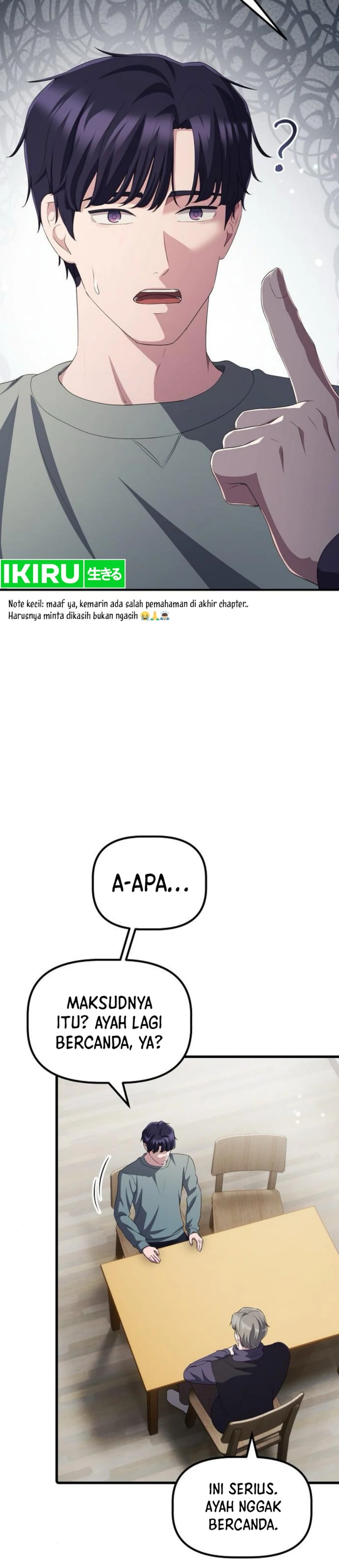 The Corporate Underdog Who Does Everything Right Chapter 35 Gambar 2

---

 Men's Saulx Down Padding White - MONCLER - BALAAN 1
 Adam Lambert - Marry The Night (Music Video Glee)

● **AIM OF THE EXERCISE**: Print, without alteration, only the lines above between the one holding "Men's Saulx Down" and the one holding "Adam Lambert - Marry", inclusive.

● **SOLUTION BELOW**:
 Men's Saulx Down Padding White - MONCLER - BALAAN 1
 Adam Lambert - Marry The Night (Music Video Glee)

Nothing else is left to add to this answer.